Here is a description from Bent: “the birds grow agitated late in March and increase their vivacity during April and early in May. They hurry between aisles of trees and swerve over bypaths, and males dart at and even clasp one another. Then they part, and the more dominant male pursues and chases a female over brush piles and even to the ground. Then up they arise and hurry onward. A few such days of immoderate activity, and their nuptial rites seem completed.”

Forbush described the male Black-capped Chickadee as a “devoted father, assisting his mate in all the tasks of home-building, incubation and the raising of their offspring; and the birds exhibit a tender affection and constant solicitude for the care of their eggs and young.” Forbush was describing what scientist now term “social monogamy,” where a pair cooperates closely in the whole process of raising young.

But what Bent described as chickadee courtship, and what I see as I watch the wild chases that go on in my backyard, is not the prelude to a genetically monogamous relationship. The males are pursuing as many opportunities as possible to scatter their genes as widely as possible. The females, for their part, are welcoming as many opportunities as possible to gather as much genetic diversity among their offspring as possible. Gosh, it’s entertaining.

Eventually a socially monogamous pair will raise a brood whose individual parentage is diverse and can only be deciphered by DNA analysis.

Somewhere in the midst of the courtship chases, a socially monogamous pair excavates a nest hole, or takes over a nest box, or old woodpecker hole, and prepares their nest. Cottony vegetable fibers, hairs, wool, mosses, feathers, insect cocoons - all go into the building of a soft and cozy nest. Anything with fur may contribute hair to the Chickadee’s nest. This time of year when you clean the dust bunnies from under your bed, or brush your dog or cat, scatter the results outdoors. Chickadees, and other birds, may gather it for nest materials. A friend once told me about his old dog napping on the sunny lawn in late April. A chickadee landed on its back, picked out a loose clump of fur, and flew off. The dog never stirred.

Forbush offers this summary of our chickadee: “The little Black-capped Chickadee is the embodiment of cheerfulness, verve and courage. It can boast no elegant plumes, and it makes no claims as a songster, yet this blithe woodland sprite is a distinctive character, and is a bird masterpiece beyond all praise.”

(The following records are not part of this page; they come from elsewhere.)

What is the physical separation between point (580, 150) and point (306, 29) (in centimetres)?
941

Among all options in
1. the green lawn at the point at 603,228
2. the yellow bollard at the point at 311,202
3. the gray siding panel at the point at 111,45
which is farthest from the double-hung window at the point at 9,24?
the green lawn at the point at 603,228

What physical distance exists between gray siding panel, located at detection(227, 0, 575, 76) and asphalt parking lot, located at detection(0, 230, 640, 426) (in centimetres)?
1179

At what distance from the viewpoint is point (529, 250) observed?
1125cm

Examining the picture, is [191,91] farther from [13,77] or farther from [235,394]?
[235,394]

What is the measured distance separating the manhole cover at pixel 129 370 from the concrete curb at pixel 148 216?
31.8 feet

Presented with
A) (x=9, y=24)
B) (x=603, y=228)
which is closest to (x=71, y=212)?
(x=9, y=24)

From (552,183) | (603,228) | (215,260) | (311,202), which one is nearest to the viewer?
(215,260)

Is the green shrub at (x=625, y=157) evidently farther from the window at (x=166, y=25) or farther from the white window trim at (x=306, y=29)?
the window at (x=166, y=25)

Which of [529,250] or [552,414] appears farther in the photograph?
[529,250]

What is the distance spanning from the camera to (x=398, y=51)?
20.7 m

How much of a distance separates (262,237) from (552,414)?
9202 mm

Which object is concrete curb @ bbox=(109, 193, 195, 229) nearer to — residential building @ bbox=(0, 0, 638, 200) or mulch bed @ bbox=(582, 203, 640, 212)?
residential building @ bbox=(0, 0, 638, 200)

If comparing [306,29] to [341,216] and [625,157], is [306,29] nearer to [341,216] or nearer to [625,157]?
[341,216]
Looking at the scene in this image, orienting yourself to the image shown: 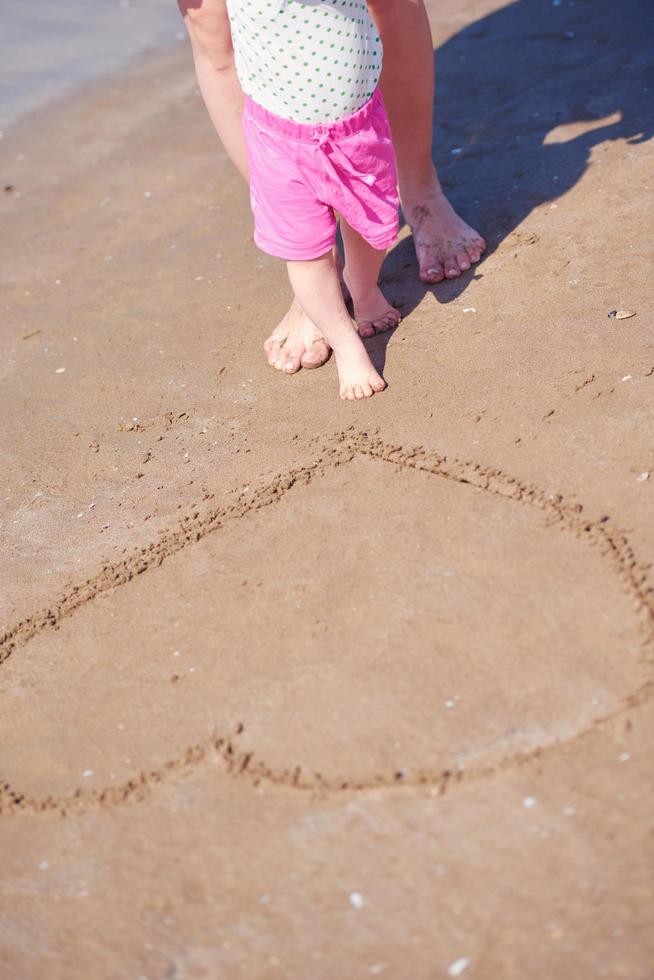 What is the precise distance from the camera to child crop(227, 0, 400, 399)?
2605mm

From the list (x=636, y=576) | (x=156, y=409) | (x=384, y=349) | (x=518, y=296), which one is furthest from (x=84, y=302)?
(x=636, y=576)

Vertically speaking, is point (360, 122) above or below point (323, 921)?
above

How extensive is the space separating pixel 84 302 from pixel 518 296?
4.88 feet

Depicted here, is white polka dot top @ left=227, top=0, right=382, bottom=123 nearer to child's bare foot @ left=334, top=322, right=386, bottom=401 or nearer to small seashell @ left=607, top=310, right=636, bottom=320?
child's bare foot @ left=334, top=322, right=386, bottom=401

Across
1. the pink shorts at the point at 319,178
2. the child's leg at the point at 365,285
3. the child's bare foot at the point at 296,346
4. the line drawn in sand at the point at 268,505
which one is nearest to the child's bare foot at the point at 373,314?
the child's leg at the point at 365,285

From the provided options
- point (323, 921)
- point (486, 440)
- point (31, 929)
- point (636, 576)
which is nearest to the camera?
point (323, 921)

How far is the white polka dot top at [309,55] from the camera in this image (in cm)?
260

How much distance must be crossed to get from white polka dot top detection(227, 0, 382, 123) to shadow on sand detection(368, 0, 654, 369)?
2.21 ft

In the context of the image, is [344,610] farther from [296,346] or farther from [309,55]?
[309,55]

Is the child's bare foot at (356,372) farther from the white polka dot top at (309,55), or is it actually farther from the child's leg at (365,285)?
the white polka dot top at (309,55)

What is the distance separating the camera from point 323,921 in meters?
1.66

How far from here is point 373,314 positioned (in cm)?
305

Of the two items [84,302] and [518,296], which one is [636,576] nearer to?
[518,296]

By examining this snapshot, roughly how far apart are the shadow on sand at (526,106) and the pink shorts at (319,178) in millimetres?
392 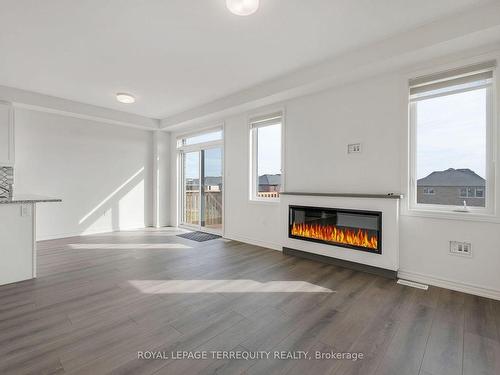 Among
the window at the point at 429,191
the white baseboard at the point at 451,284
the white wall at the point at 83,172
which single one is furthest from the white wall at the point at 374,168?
the white wall at the point at 83,172

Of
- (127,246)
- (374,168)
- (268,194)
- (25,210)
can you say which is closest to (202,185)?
(268,194)

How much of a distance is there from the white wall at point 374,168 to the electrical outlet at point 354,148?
2.2 inches

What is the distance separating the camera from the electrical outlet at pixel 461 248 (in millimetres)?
2668

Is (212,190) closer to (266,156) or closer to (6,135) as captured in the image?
(266,156)

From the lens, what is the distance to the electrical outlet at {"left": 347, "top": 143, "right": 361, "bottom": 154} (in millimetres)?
3443

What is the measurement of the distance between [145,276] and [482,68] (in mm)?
4318

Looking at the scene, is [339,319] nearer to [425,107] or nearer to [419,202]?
[419,202]

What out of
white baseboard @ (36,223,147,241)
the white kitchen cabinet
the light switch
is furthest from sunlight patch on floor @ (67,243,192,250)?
the white kitchen cabinet

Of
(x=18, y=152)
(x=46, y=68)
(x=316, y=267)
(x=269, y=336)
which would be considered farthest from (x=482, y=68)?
(x=18, y=152)

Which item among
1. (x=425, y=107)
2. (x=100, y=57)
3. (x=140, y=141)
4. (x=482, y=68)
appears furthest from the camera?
(x=140, y=141)

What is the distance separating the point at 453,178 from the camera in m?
2.82

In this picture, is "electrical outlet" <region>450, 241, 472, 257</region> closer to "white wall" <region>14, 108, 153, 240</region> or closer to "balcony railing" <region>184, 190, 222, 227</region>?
"balcony railing" <region>184, 190, 222, 227</region>

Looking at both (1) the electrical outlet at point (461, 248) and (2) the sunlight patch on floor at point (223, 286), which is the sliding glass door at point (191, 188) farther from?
(1) the electrical outlet at point (461, 248)

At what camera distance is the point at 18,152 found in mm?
4625
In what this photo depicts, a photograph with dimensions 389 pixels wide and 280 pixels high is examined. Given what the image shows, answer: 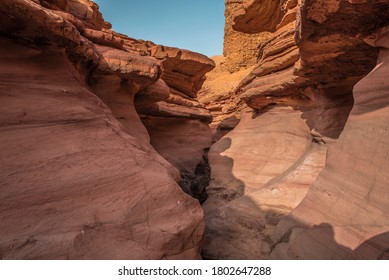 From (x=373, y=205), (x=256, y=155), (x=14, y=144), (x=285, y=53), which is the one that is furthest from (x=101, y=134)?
(x=285, y=53)

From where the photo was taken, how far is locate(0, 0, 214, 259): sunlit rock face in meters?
2.16

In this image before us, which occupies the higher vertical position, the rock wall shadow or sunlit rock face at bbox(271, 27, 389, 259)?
sunlit rock face at bbox(271, 27, 389, 259)

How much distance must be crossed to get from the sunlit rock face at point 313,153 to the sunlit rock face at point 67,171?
1296 millimetres

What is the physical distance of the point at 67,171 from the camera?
102 inches

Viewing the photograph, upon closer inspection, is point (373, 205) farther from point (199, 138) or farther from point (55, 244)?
point (199, 138)

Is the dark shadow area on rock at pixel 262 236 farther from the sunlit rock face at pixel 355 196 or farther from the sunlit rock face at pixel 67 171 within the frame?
the sunlit rock face at pixel 67 171

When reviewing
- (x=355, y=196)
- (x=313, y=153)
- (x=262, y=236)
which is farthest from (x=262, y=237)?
(x=313, y=153)

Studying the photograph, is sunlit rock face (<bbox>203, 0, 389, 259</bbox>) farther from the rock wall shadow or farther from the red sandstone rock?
the red sandstone rock

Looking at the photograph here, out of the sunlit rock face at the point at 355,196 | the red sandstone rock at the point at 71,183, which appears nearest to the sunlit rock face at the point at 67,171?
the red sandstone rock at the point at 71,183

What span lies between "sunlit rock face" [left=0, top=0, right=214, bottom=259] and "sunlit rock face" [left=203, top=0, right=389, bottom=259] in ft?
4.25

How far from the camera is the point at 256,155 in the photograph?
6297mm

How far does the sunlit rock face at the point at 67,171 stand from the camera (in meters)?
2.16

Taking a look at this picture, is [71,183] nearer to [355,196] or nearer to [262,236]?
[262,236]

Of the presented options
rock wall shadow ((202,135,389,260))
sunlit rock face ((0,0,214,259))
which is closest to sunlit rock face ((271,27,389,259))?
rock wall shadow ((202,135,389,260)) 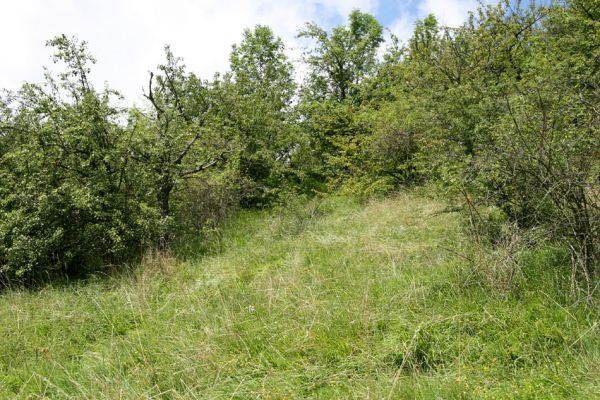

No argument there. With the chickadees in our woods and neighborhoods, we are assured of good birding.

4 comments:

eileeninmd said...

Great post on the Black Capped Chickadee!

John (Tucker) said...

I'm really enjoying all the great detailed discussions and comparison of birds on blogs out there. Chickadees are a fun bird to watch and to hear. Seems to be a drop off in numbers right now though in Southeastern Mass.

PrairieGarden-Liane said...

Thank you so much for including the bird calls on your site! I actually included a link to your blog on my own blog posting this morning.

I intend to habitually visit you to figure out who I am hearing in my garden in upcoming months.

cindyzlogic said...

Wonderful post, Chris! We are fortunate to have Black-capped and Carolina Chickadees. We really enjoy them! Thanks for the details on your blog!